En l'absence de lésion fracturaire, le traitement symptomatique repose sur des mesures hygiéno-diététiques, le repos fonctionnel de l'os atteint, une association corticoïdes-antibiotiques pour un os exposé et des antalgiques souvent de type morphinique. Le traitement médical de l'ORN mandibulaire repose en première intention sur les soins locaux tels que l'arrêt de l'imprégnation alcoolo-tabagique et des bains de bouche (associant bicarbonates 14 pour 1 000, antiseptique et amphotéricine B), associés à une antibiothérapie à spectre buccal et à une bonne pénétration osseuse (type amoxicilline-acide clavulanique ± quinolone...), avec un antifongique systémique oral (fluconazole 50 mg/j), et une corticothérapie brève (méthylprednisolone 16 mg/j) poursuivie pendant deux à quatre semaines.
L'oxygénothérapie hyperbare (O2HB) est une thérapeutique onéreuse et peu accessible, proposée dans les formes sévères d'ORN afin d'obtenir une stabilisation, voire une amélioration des symptômes. Elle est également proposée comme traitement adjuvant postopératoire des ORN sévères.
Le traitement chirurgical des ORN du bassin est en général techniquement lourd, nécessitant des exérèses larges, avec des résultats peu satisfaisants du fait de l'altération de la vascularisation secondaire à l'irradiation. La couverture du lit opératoire par des muscles irradiés scléreux et dévascularisés limite l'accessibilité des antibiotiques au site opératoire et expose ce dernier à une absence de cicatrisation (risque de pseudarthrose). Les risques de complication sont réduits par l'utilisation d'autogreffe microvascularisée chez le sujet jeune à pronostic conservé. Le traitement chirurgical de l'ORN mandibulaire symptomatique et d'aggravation progressive est proposé aux échecs du traitement médical et de l'O2HB.

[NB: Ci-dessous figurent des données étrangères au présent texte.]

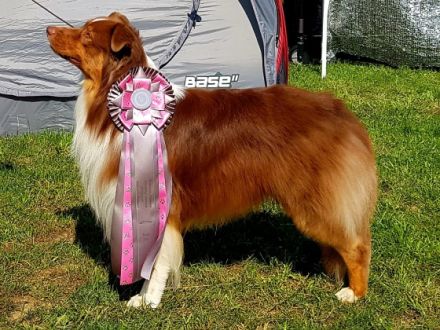 Trulyawesome Knock On Wood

La voie des traitements antioxydants a été récemment proposée à partir de travaux développés dans la fibrose radio-induite avec l'association pentoxifylline (PTX)-tocophérol (vitamine E). Dans une étude de phase II, puis récemment dans une étude randomisée, nous avons administré concomitamment PTX (400 mg x 2/j) et vitamine E (500 UI x 2/j) chez des patientes antérieurement irradiées pour cancer et présentant une fibrose superficielle radio-induite mesurable. Une régression clinique significative des lésions était en moyenne de 53 % en surface à six mois et de 66 % à douze mois, confirmée par une étude expérimentale chez le porc. L'adjonction à cette association d'un disphosphonate (clodronate 1 600 mg/j) à action antiostéoclastique limitant la destruction osseuse a permis d'obtenir des cicatrisations complètes en trois à six mois chez des patients souffrant d'ORN mandibulaire extériorisée ou du sternum et des os longs en échec d'un traitement médical et/ou d'HBO.
4) Conclusion
L'ORN est un problème thérapeutique majeur. Elle implique une destruction osseuse excessive associée à un défaut de synthèse osseuse, compensé par une fibrose radio-induite. La thérapeutique utile à ce jour semble, outre l'exclusion des facteurs d'aggravation, pouvoir bénéficier de cette vision physiopathologique nouvelle fondée sur un traitement antiostéoclastique (disphosphonate) associé à un traitement antifibrosant (pentoxifylline-tocophérol).